(Records excerpted from a collection)
--------------------------------

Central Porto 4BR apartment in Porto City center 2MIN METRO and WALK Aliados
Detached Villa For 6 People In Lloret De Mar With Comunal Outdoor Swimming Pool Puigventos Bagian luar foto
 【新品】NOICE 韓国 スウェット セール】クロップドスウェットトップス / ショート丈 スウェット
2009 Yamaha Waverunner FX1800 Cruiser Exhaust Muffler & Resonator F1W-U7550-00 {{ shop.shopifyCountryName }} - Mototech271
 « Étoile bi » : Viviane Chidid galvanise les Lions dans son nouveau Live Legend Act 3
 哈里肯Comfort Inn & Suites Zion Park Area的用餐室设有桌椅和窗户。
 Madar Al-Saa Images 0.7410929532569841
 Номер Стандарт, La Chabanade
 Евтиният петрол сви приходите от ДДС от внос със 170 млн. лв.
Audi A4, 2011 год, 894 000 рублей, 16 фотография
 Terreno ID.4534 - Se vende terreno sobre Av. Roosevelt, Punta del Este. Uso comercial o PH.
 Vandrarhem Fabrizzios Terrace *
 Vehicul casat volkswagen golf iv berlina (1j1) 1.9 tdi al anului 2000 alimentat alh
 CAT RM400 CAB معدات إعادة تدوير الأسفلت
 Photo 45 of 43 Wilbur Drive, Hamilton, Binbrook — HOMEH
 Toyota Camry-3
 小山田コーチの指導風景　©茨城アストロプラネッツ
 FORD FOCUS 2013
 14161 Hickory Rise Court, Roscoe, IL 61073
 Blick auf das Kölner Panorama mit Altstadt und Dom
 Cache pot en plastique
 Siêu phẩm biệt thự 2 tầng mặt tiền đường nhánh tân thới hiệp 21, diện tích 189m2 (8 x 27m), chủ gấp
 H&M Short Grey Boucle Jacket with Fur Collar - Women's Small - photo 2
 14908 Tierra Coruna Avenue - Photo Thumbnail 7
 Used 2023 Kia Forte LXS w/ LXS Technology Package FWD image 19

--------------------------------

Return all of the data precisely as it appears.

Central Porto 4BR apartment in Porto City center 2MIN METRO and WALK Aliados
Detached Villa For 6 People In Lloret De Mar With Comunal Outdoor Swimming Pool Puigventos Bagian luar foto
 【新品】NOICE 韓国 スウェット セール】クロップドスウェットトップス / ショート丈 スウェット
2009 Yamaha Waverunner FX1800 Cruiser Exhaust Muffler & Resonator F1W-U7550-00 {{ shop.shopifyCountryName }} - Mototech271
 « Étoile bi » : Viviane Chidid galvanise les Lions dans son nouveau Live Legend Act 3
 哈里肯Comfort Inn & Suites Zion Park Area的用餐室设有桌椅和窗户。
 Madar Al-Saa Images 0.7410929532569841
 Номер Стандарт, La Chabanade
 Евтиният петрол сви приходите от ДДС от внос със 170 млн. лв.
Audi A4, 2011 год, 894 000 рублей, 16 фотография
 Terreno ID.4534 - Se vende terreno sobre Av. Roosevelt, Punta del Este. Uso comercial o PH.
 Vandrarhem Fabrizzios Terrace *
 Vehicul casat volkswagen golf iv berlina (1j1) 1.9 tdi al anului 2000 alimentat alh
 CAT RM400 CAB معدات إعادة تدوير الأسفلت
 Photo 45 of 43 Wilbur Drive, Hamilton, Binbrook — HOMEH
 Toyota Camry-3
 小山田コーチの指導風景　©茨城アストロプラネッツ
 FORD FOCUS 2013
 14161 Hickory Rise Court, Roscoe, IL 61073
 Blick auf das Kölner Panorama mit Altstadt und Dom
 Cache pot en plastique
 Siêu phẩm biệt thự 2 tầng mặt tiền đường nhánh tân thới hiệp 21, diện tích 189m2 (8 x 27m), chủ gấp
 H&M Short Grey Boucle Jacket with Fur Collar - Women's Small - photo 2
 14908 Tierra Coruna Avenue - Photo Thumbnail 7
 Used 2023 Kia Forte LXS w/ LXS Technology Package FWD image 19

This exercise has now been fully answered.